Peneliti menyimpulkan:
Dataset dan Eksperimen
Pendekatan ini dicoba pada dataset prediksi saham yang terdiri dari 10.824 contoh tweet dan informasi kinerja pasar di 88 saham antara 2014-2016.
Tiga model ‘korban’ dipilih: Stocknet; FinGRU (turunan dari GRU); dan FinLSTM (turunan dari LSTM).
Metri evaluasi terdiri dari Tingkat Keberhasilan Serangan (ASR), dan penurunan skor F1 model korban setelah serangan adversarial. Peneliti mensimulasikan strategi Long-Only Buy-Hold-Sell untuk tes tersebut. Profit dan Kerugian (PnL) juga dihitung dalam simulasi.

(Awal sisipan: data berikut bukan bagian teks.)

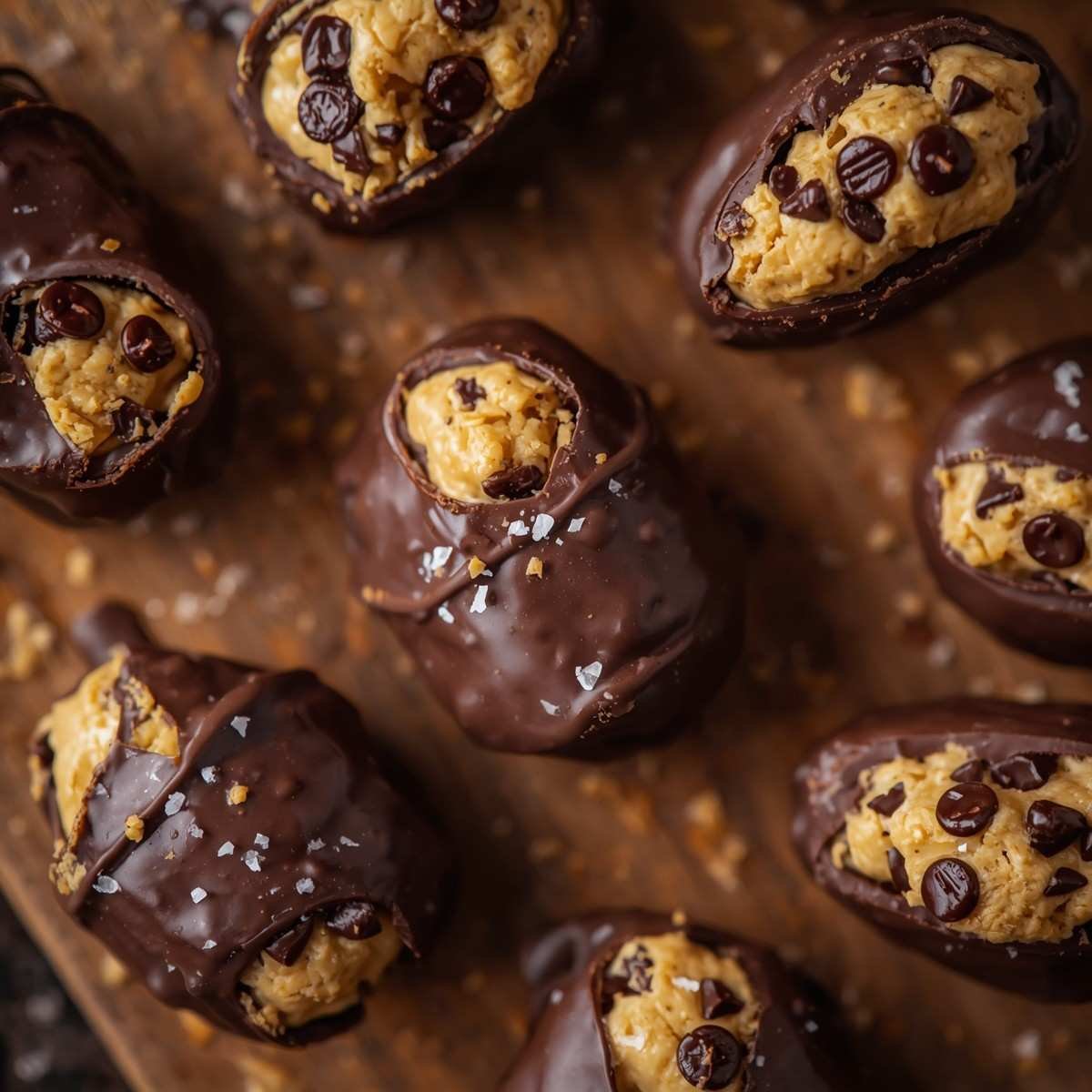 chocolate chip cookie dough stuffed Medjool dates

Hasil eksperimen. Lihat juga grafik pertama di bagian atas artikel ini.
Di bawah JO dan AGO, ASR meningkat sebesar 10%, dan skor F1 model menurun sebesar 0,1 rata-rata, dibandingkan dengan serangan acak. Peneliti mencatat:
‘Penurunan kinerja seperti itu dianggap signifikan dalam konteks prediksi saham, karena akurasi prediksi interday return hanya sekitar 60%.’
Dalam bagian Profit dan Kerugian dari serangan (virtual) pada Stocknet, hasil retweet adversarial juga patut diperhatikan:
‘Untuk setiap simulasi, investor memiliki $10K (100%) untuk diinvestasikan; hasil menunjukkan bahwa metode serangan yang diusulkan dengan retweet dengan hanya satu kata pengganti dapat menyebabkan kerugian tambahan sebesar $3,2K (75%-43%) pada portofolio investor setelah sekitar 2 tahun.’
Dipublikasikan pertama kali pada 4 Mei 2022.